> **Data to examine**:
········

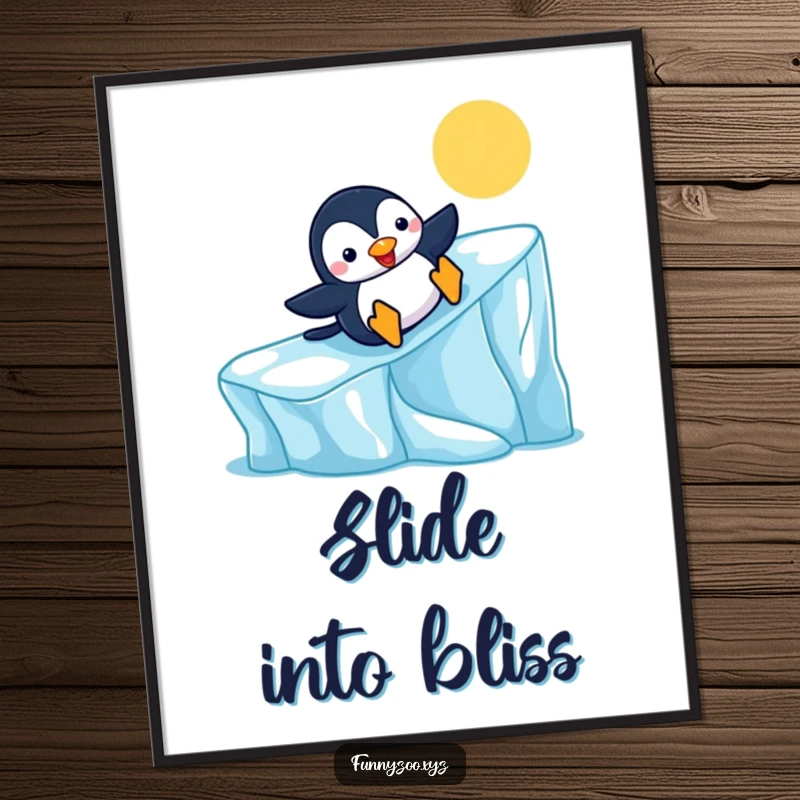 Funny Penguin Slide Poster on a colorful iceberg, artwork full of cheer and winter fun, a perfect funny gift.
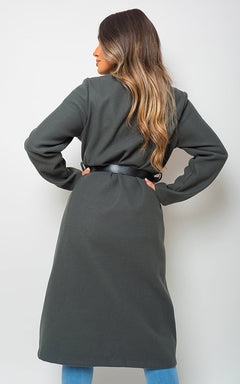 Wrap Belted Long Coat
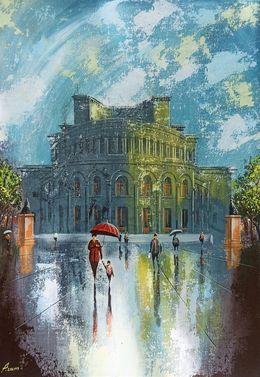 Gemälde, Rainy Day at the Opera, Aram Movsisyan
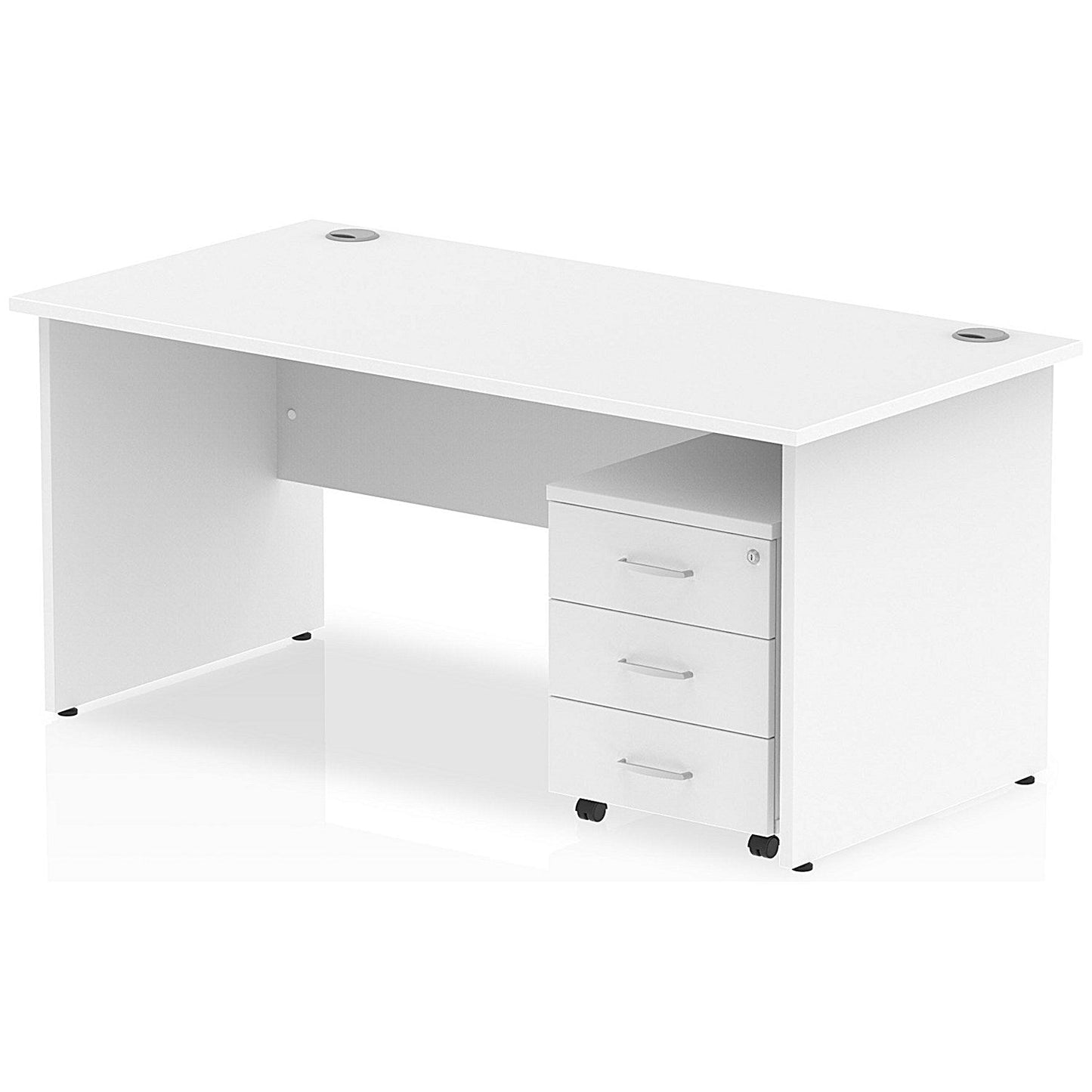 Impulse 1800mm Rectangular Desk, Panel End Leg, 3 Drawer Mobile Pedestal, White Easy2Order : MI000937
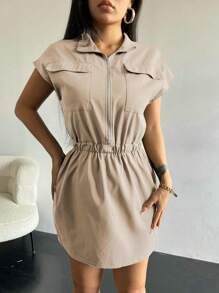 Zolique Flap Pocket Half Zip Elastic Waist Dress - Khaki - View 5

········

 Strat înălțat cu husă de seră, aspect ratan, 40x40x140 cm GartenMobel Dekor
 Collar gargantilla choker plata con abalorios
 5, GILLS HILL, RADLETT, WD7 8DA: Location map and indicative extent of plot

········

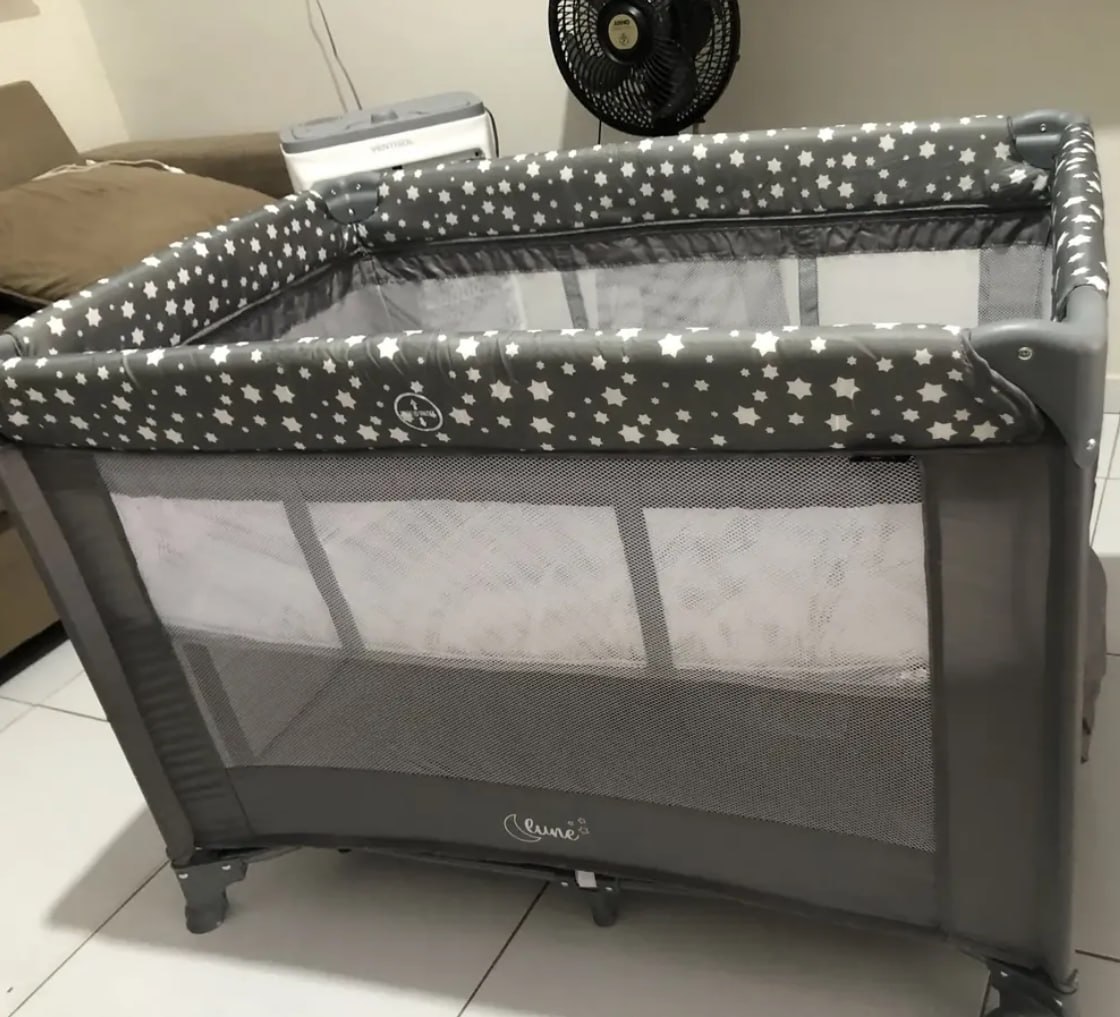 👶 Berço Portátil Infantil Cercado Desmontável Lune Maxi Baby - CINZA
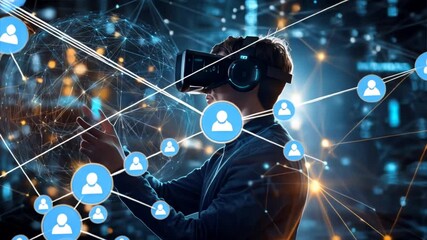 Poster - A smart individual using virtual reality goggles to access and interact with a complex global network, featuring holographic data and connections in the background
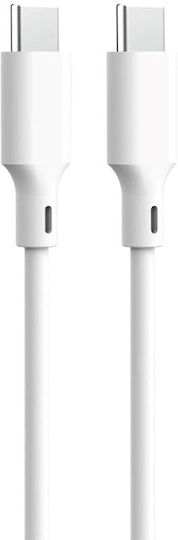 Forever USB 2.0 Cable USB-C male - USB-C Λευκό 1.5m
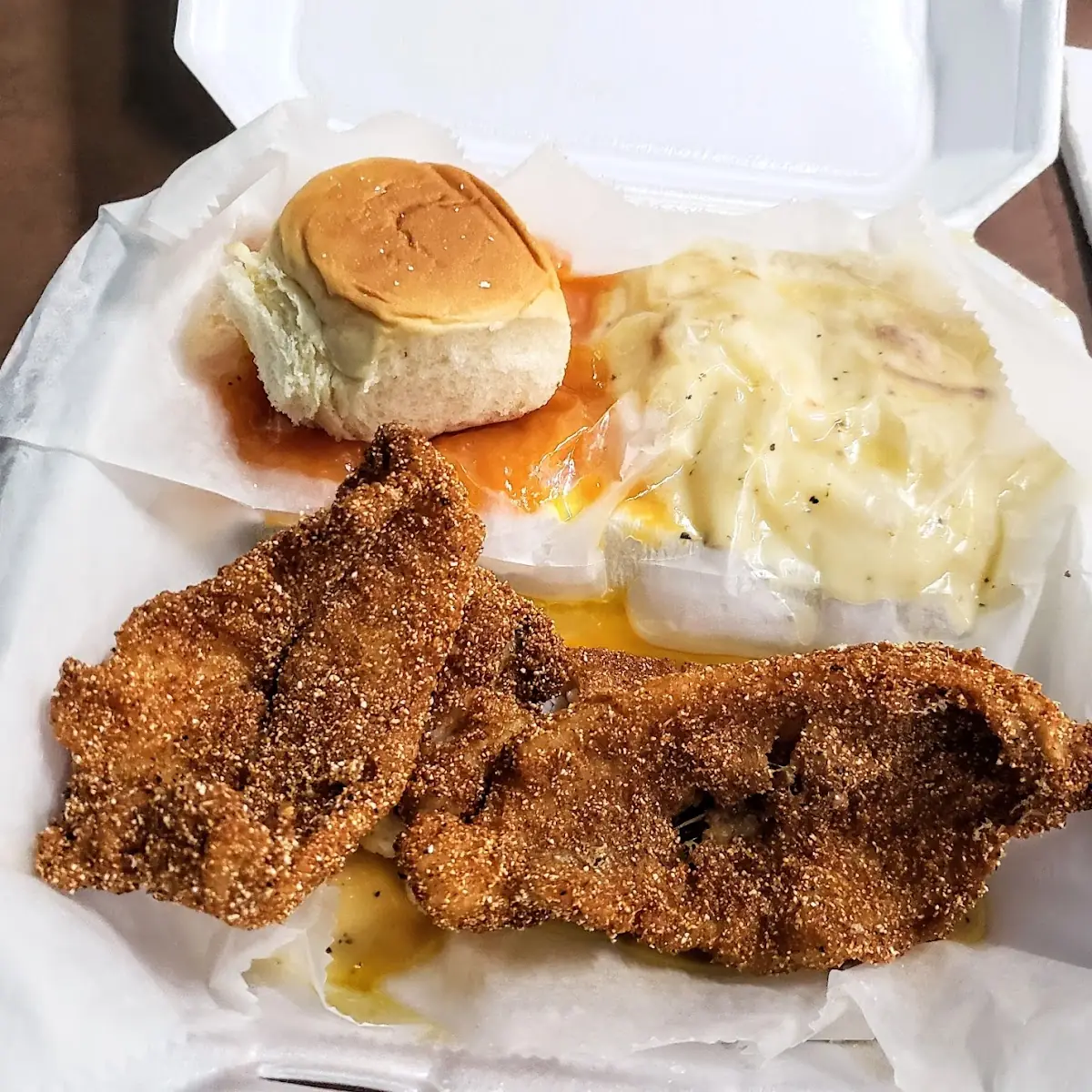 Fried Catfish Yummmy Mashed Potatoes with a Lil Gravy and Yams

········

> **Work request**: Starting at the line with "Funny Penguin Slide" and finishing at the line with "Zolique Flap Pocket", copy the material above exactly, both lines included. Nothing else goes in, and no pictures.

> **Task response**:
 Funny Penguin Slide Poster on a colorful iceberg, artwork full of cheer and winter fun, a perfect funny gift.
 Wrap Belted Long Coat
 Gemälde, Rainy Day at the Opera, Aram Movsisyan
 Impulse 1800mm Rectangular Desk, Panel End Leg, 3 Drawer Mobile Pedestal, White Easy2Order : MI000937
 Zolique Flap Pocket Half Zip Elastic Waist Dress - Khaki - View 5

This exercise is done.